Nigel Farage is one of us.
And pretty much all the other politicians aren’t.
As for the EU, I was actually a europhile until the EU parliament voted for a European smoking ban in late 2009. I didn’t think it was any business of the EU to interfere in details of this sort. It was something that should have been left to the individual states, like in the USA. The EU smoking ban was in effect a federal smoking ban, and that’s something that the USA doesn’t have (although it probably will have one if the virulently antismoking Hillary Clinton ever gets elected president). Overnight, I started seeing the EU as a bullying superstate. And that’s the way I still see it today. And that’s why I voted for Brexit (and why I will always do so, however many times I’m asked to vote)
So immigration had nothing whatsoever to do with my personal Brexit vote, or my deep disenchantment with the entire political class in Britain (and Europe, and more or less everywhere else in the world). If immigration is more of an issue with me today than it used to be, it’s because I’m asking why it is that all these immigrants are being welcomed with open arms, while I myself have been made a pariah, an outsider (quite literally) in my own country.
People with patriotic political views are marked by their rejection of “freedom and responsibility”, the former first lady claimed, going on to characterise national conservatives as having “a psychological … yearning to be told what to do, and where to go, and how to live and have their press basically stifled and so be given one version of reality.”
While acknowledging that she lacked the ability to “fully understand” why right-wingers have been abandoning centrist politics, Clinton suggested they were attracted to “strength”, opining that there are not enough “awareness or reminders … about what that can lead to” currently in place.

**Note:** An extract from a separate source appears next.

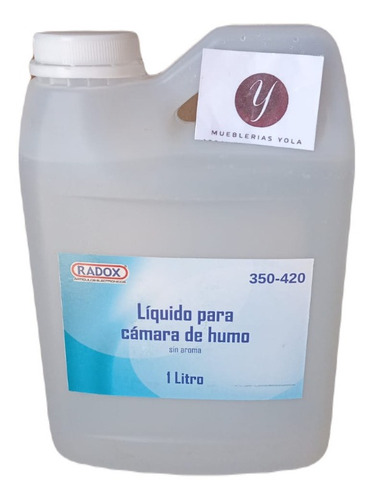 Liquido Para Maquina De Humo Duracion 350-420 1 Litro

She told The Guardian: “I think it’s as much psychological, maybe more than political, as to what people are yearning for. I mean, freedom is burdensome. It’s hard getting up and taking responsibility for yourself and trying to make all these decisions.”
Maybe it’s because I’m not really a conservative, but I don’t have “a psychological … yearning to be told what to do, and where to go, and how to live and have their press basically stifled and so be given one version of reality.” Quite the opposite. That’s why I hate the smoking ban, because that’s telling me what to do (stop smoking), where to go (outside until I stop smoking), and how to live (a non-smoking life).
And in fact, isn’t it the left who want the state to take care of everybody, and tell them what to do, using a mainstream media to give them one version of reality?
And I don’t think of Hillary Clinton as any sort of guardian of freedom. Quite the opposite. As I say, if she ever gets to be the US president, she’ll probably enact a federal smoking ban across the whole of the USA. That is to say that she would take away freedom.
She is very definitely not one of us.
The former New York senator was one of three “centrist heavyweights” The Guardian asked to weigh in on “the global rise of right-wing populism, and what can be done to stop it”, along with ex-UK prime minister and ‘New Labour’ architect Tony Blair, and the globalist former leader of Italy, Matteo Renzi.
I can’t stand Tony Blair either. Why? Iraq? Nope. I can’t stand him because he was the UK Prime Minister who introduced the UK smoking ban.
My politics is almost completely defined, not by immigration or the EU or anything like that, but by smoking bans. And I wouldn’t be at all surprised if there are a great many people all over the world who feel the exact same way that I do.